Cyriacus Ijebor, a financial consultant and member of ORADI Board said that it is heart-warming that the agricultural sector in Nigeria is improving significantly as it would help that country alleviate poverty which is goal number one of the SDGs. He, however, noted that the huge obstruction to full growth of this sector remains the absence of guarantee of economically viable prices for Nigerian farmers. “We must provide a price guarantee mechanism for our long-suffering farmers in the tradition of the marketing boards of yore. The pre-1980s marketing boards in this country were the veritable bedrock for the development of the agriculture sector,” he said.
Ijebor recalled that the groundnut pyramids in Kano were attained without government subsidised inputs or fertilizer and tractors.
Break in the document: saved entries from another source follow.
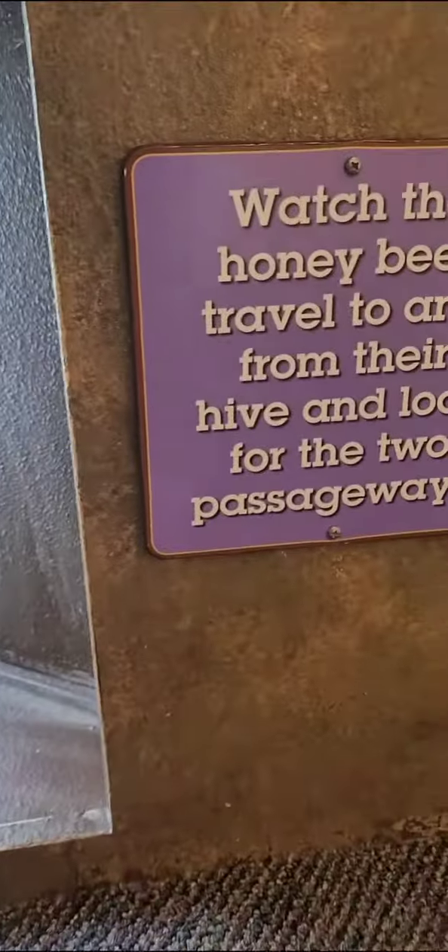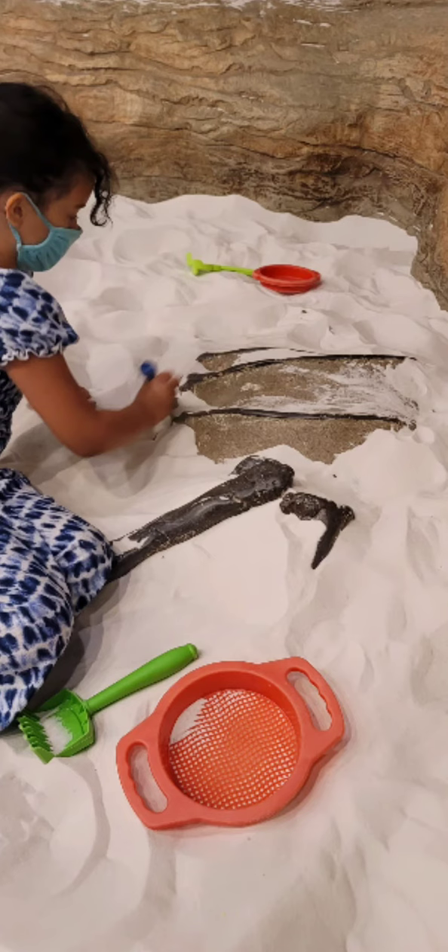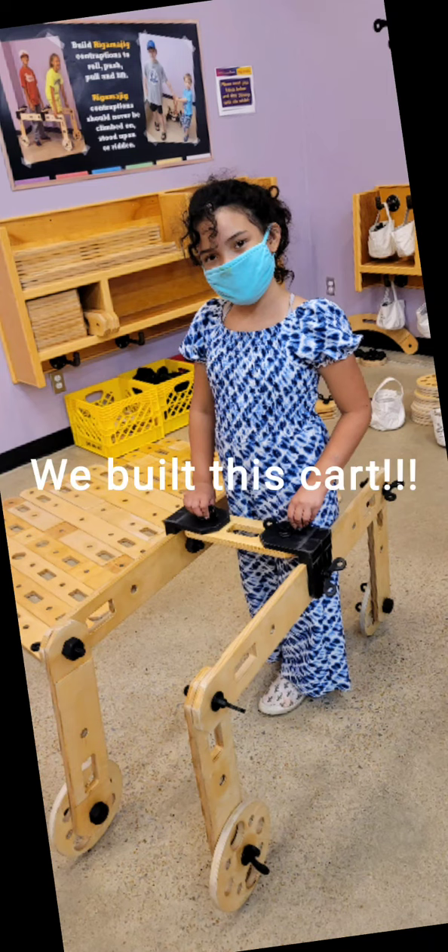This is the optical illusion room. Thank you.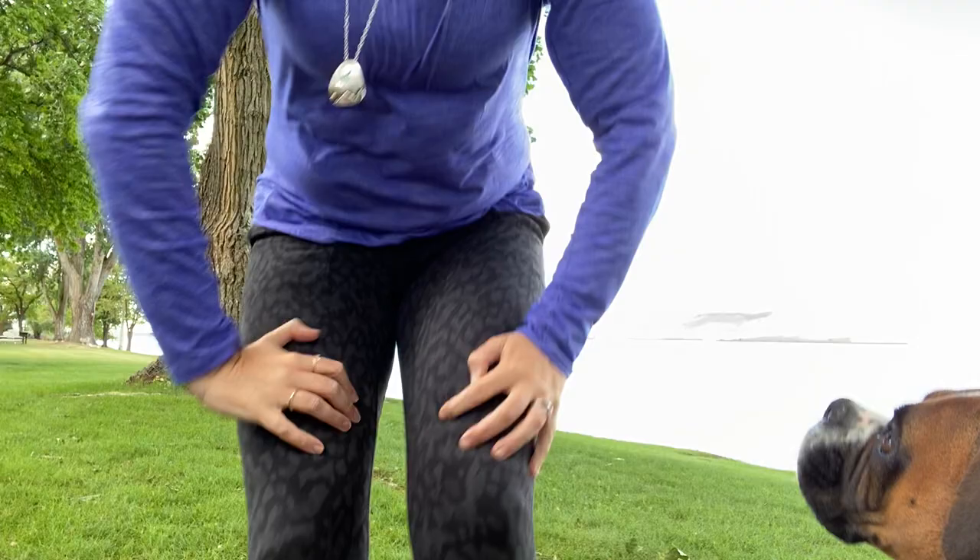Hey guys, Miss Lauren here. So I have this super fun martial arts PE activity today. There's two parts to it. All you need is another person and some type of pole — it could be a pipe, a broom, a walking stick, or a big stick. Some of the rules I'll show you as we go. So let's go ahead and start.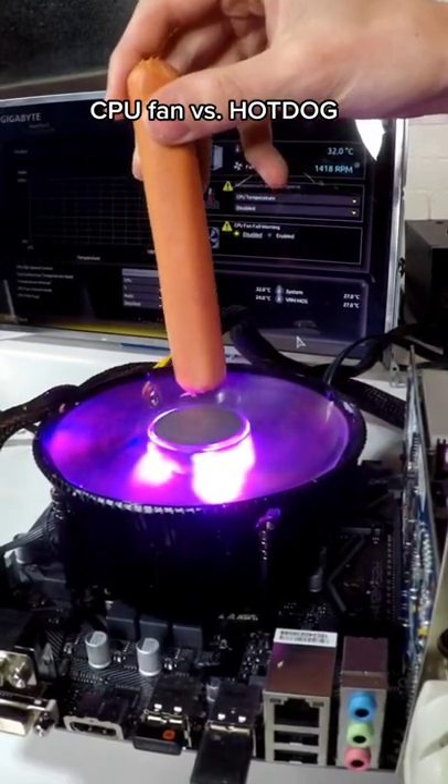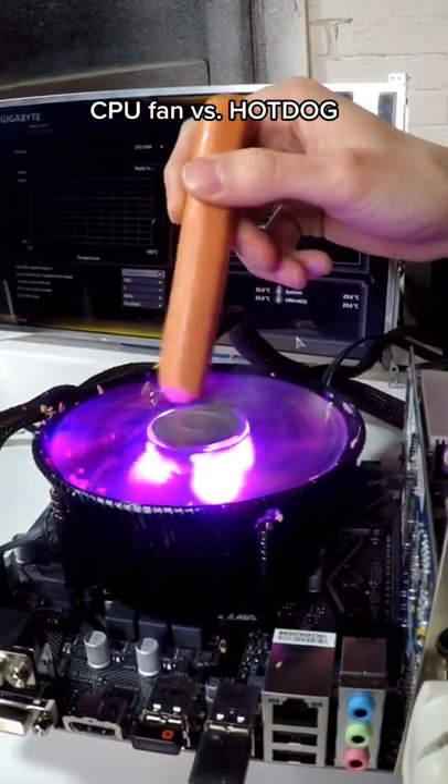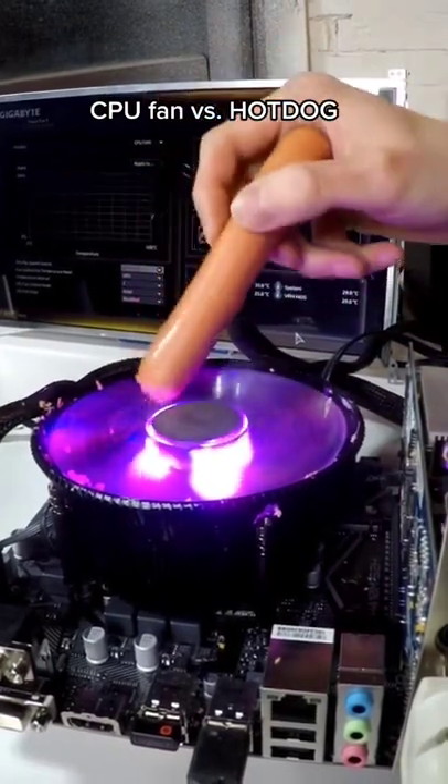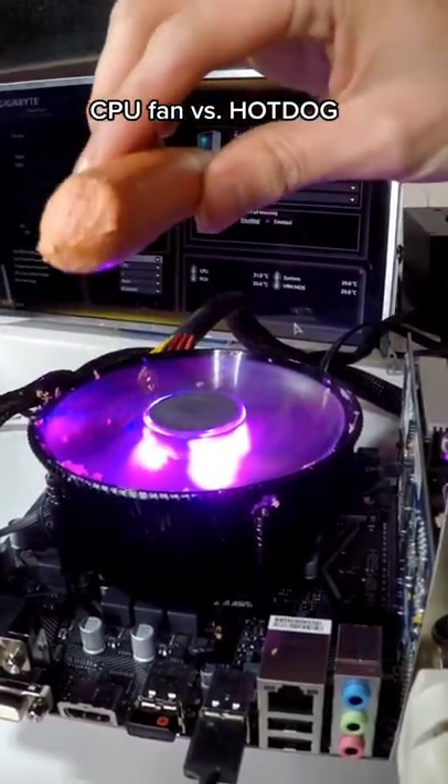Starting off slowly, we can see the fan starting to do a bit of damage, knocking off some chunks of the hotdog. And the longer we continue, the worse it looks for this old ballpark Frank. And now slices of hotdog are getting plugged everywhere. What do you think we should try next?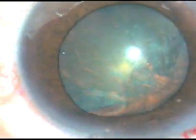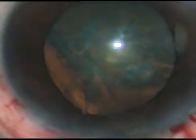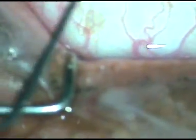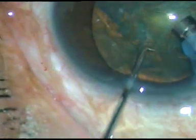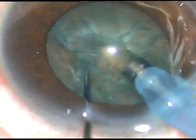Here we can see the pupil is tending to become small. Some more viscoelastic is added, and the nucleus has rotated. I go into the anterior chamber with the tip of the phaco handpiece. At this time the pupil is dilated adequately, more than 6 mm. As I go in and start aspirating, see what happens — once the pupil becomes small, the iris starts dancing.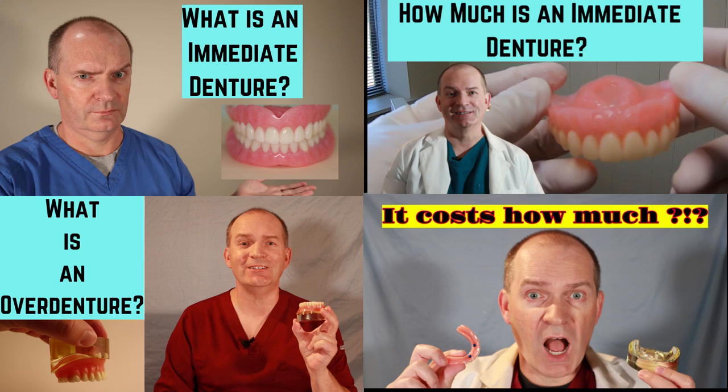I'm currently at the bite registration stage of the process. Once I've finished them, I'll make a video about the entire process. Any questions or comments, please let me know down in the comments section. Thank you very much for watching. If you'd like to learn more about immediate dentures and overdentures, please check out my videos — what is an overdenture and what is an immediate denture — I'll leave links to them down in the description.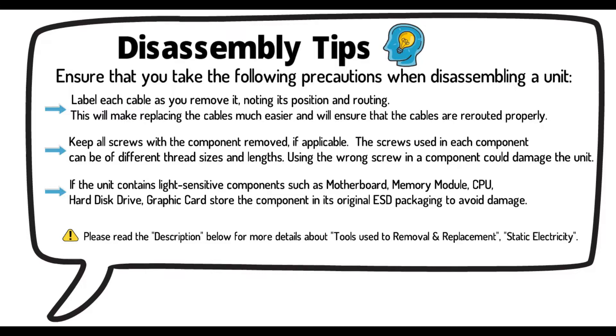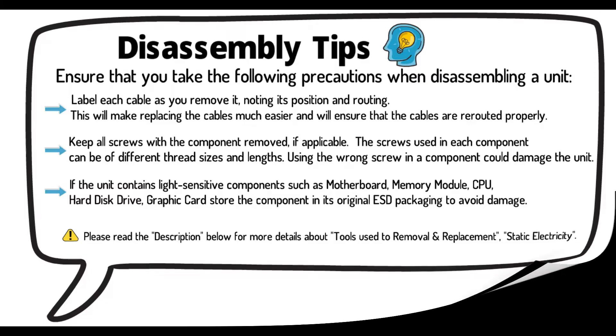If the unit contains light-sensitive components such as motherboard, memory module, CPU, hard disk drive, or graphic cards, store the component in its original ESD packaging to avoid damage. Please read the description below for more details about tools used for removal and replacement and static electricity.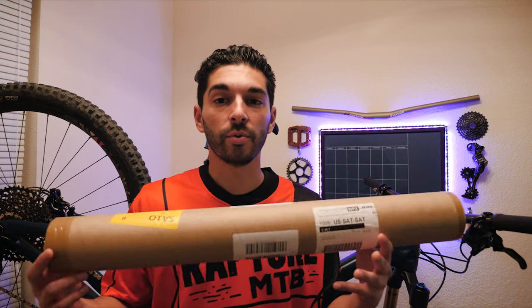Just to cut to the chase, yes, I believe that this thing is worth it to buy it every single time. I will not ever buy a new bike and not put this on.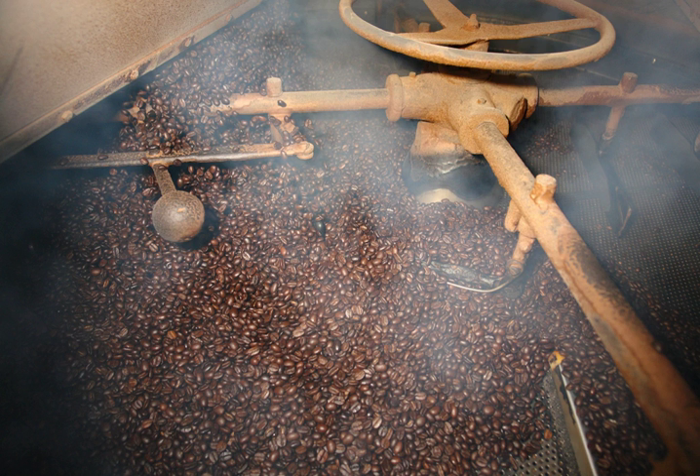Dry roasted foods are stirred as they are roasted to ensure even heating. Dry roasting can be done in a frying pan or wok, a common way to prepare spices in some cuisines, or in a specialized roaster.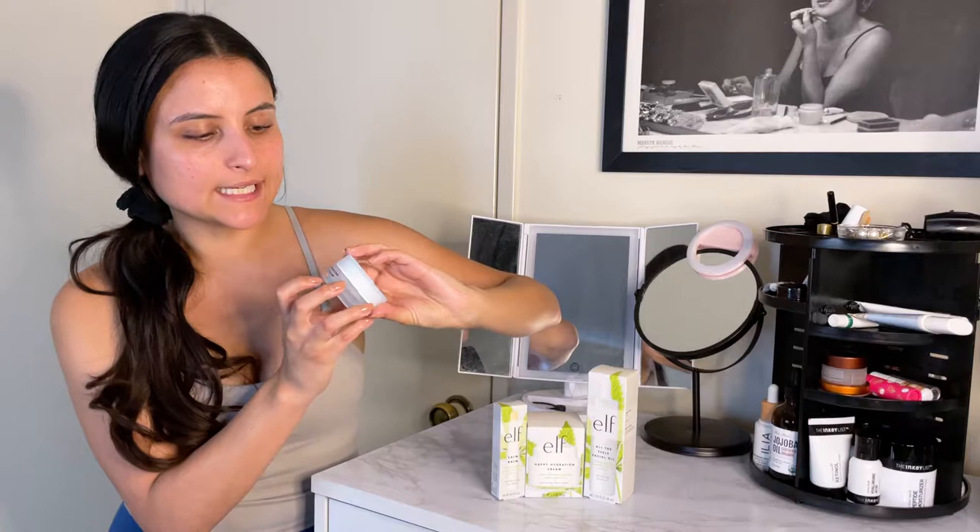I haven't used ELF skincare products before except their ELF Illuminating Eye Cream — I love this eye cream. I use it when doing my makeup, putting it under my eye because I'll be using foundation, concealer, and powder, and I don't want my skin to be dry. It helps with creases and dry patches, which is amazing for me. It's one of the few eye creams I buy, and it's a must when I'm doing my makeup. Let's get started with these products.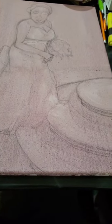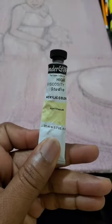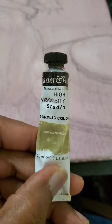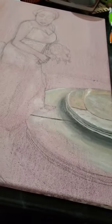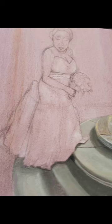Working on the stairway. I'll be using some white, buff titanium, a little bit of Mars black, irresistant gold, and irresistant silver. Here's your stairway.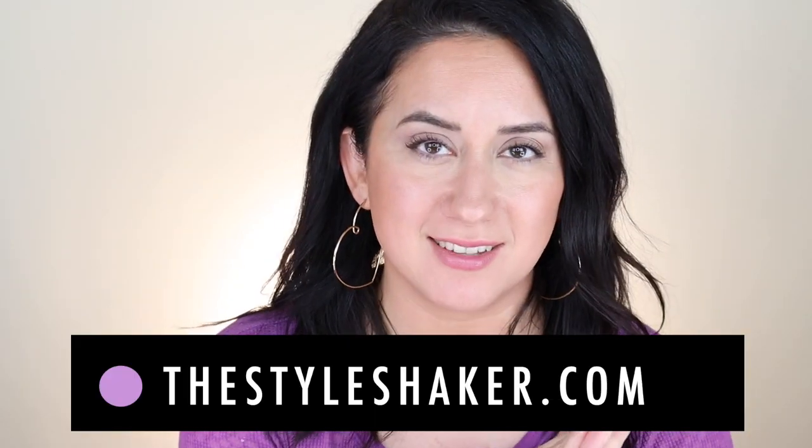Hey everybody, welcome back to the channel. I am Brit, creator of The Style Shaker. I try things out for you so you know what to buy — and more importantly, what not to buy.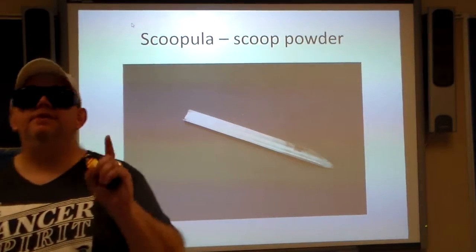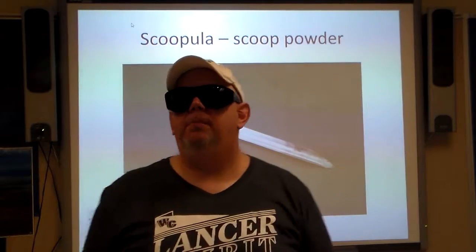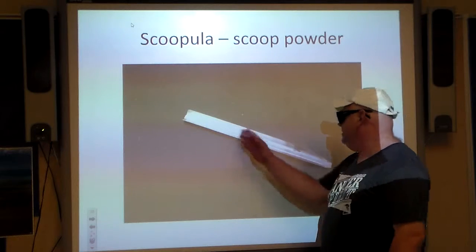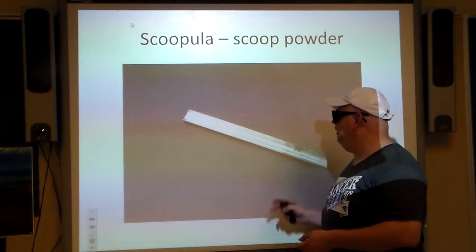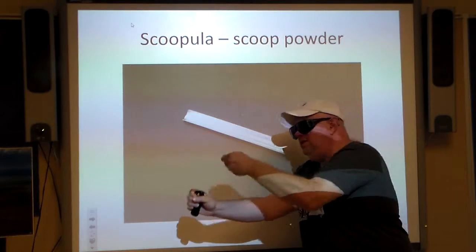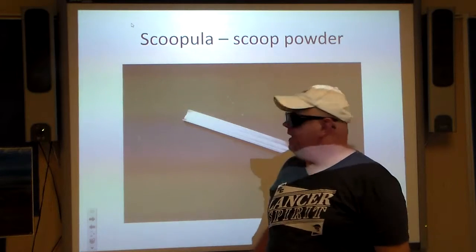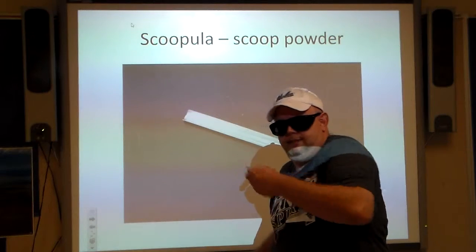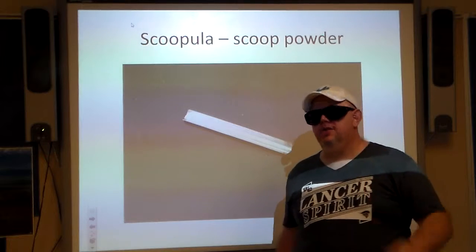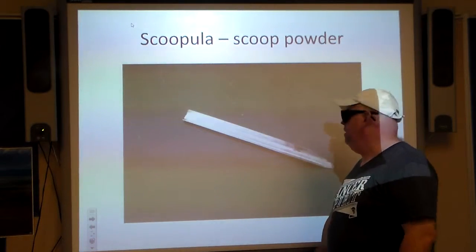Scrupula — not to be confused with Count Chocula. It's literally called a scrupula. It is a piece of metal — you might think it looks like a tent peg you pound into the ground when camping. But that's not what it's used for. It's for scooping — scooping out powder or whatever you need.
He added that most of the textile mills located in Kaduna, Kano, Lagos, Asaba and Onitsha were not built by government. According to him, investor's saw opportunities created by the large production of cotton lint that was facilitated by the certainty of prices while groundnut and palm oil were the main sources of vegetable oil simply because farmers produced substantial quantities. “It was this policy that made Nigeria net exporters of these products. Why can't we return to such a model that worked for us so profitably?,” Ijebor asked rhetorically.